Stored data
• • • •

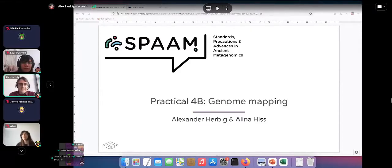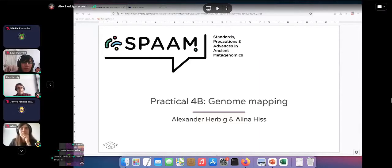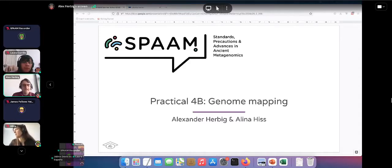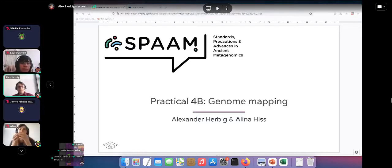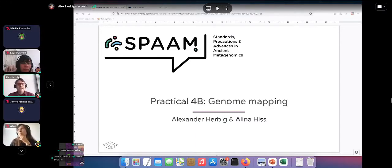What we want to do today is look at genome mapping. As you have already gone through your practical session for EAGER — an NGS processing pipeline specifically targeting ancient genomes, whether human or bacterial — what we want to do now in this practical session is look under the hood at the process usually managed by such NGS pipelines.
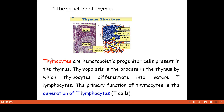The cells of the thymus are called thymocytes. They are hematopoietic progenitor cells — we have a cell known as a progenitor cell, which is a precursor cell. The hematopoietic progenitor cell is present in the thymus.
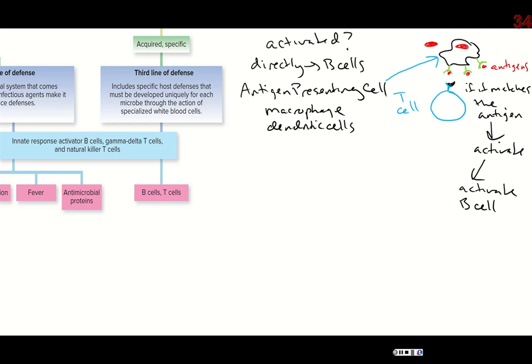What happens next? This newly activated T cell can then activate the B cell. The more common process is: first, an antigen-presenting cell comes to the T cell; then the T cell becomes activated; then the activated T cell activates the B cell. So that's a really long process. When the B cell is activated, it transforms into something called a plasma cell, and the plasma cell produces antibodies.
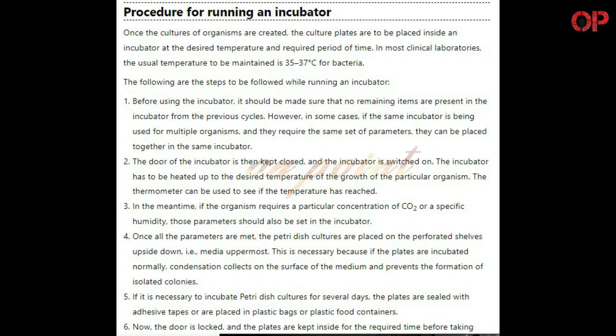Procedure for Running an Incubator: Once the cultures of organisms are created, the culture plates are to be placed inside an incubator at the desired temperature and required period of time. In most clinical laboratories, the usual temperature to be maintained is 35 to 37 degrees Celsius for bacteria. Step 1: Before using the incubator, it should be made sure that no remaining items from the previous cycles are present. However, if the same incubator is being used for multiple organisms requiring the same set of parameters, they can be placed together. Step 2: The door of the incubator is then kept closed and the incubator is switched on.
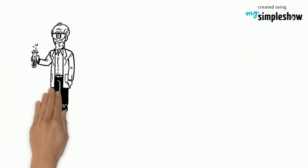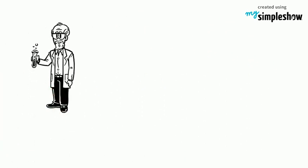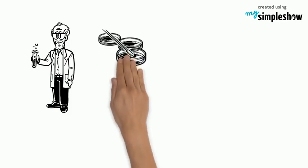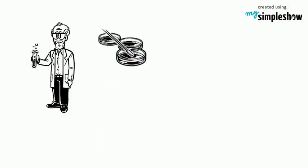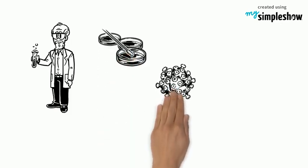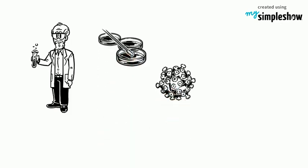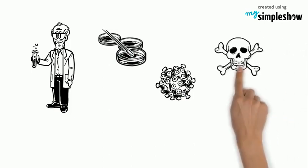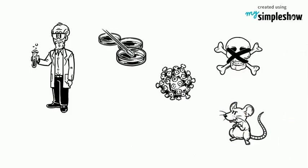To figure out which molecule was the right one, two scientists named Hershey and Chase designed an experiment. They took some viruses that they knew could change bacteria from a kind that didn't kill mice into a kind that did.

• • • •

▸ **Assignment**: Write out exactly the lines between the start of the data and the line with "The cells of", including both, but none of the pictures.

▸ **Response**:
What we want to do today is look at genome mapping. As you have already gone through your practical session for EAGER — an NGS processing pipeline specifically targeting ancient genomes, whether human or bacterial — what we want to do now in this practical session is look under the hood at the process usually managed by such NGS pipelines.
The cells of the thymus are called thymocytes. They are hematopoietic progenitor cells — we have a cell known as a progenitor cell, which is a precursor cell. The hematopoietic progenitor cell is present in the thymus.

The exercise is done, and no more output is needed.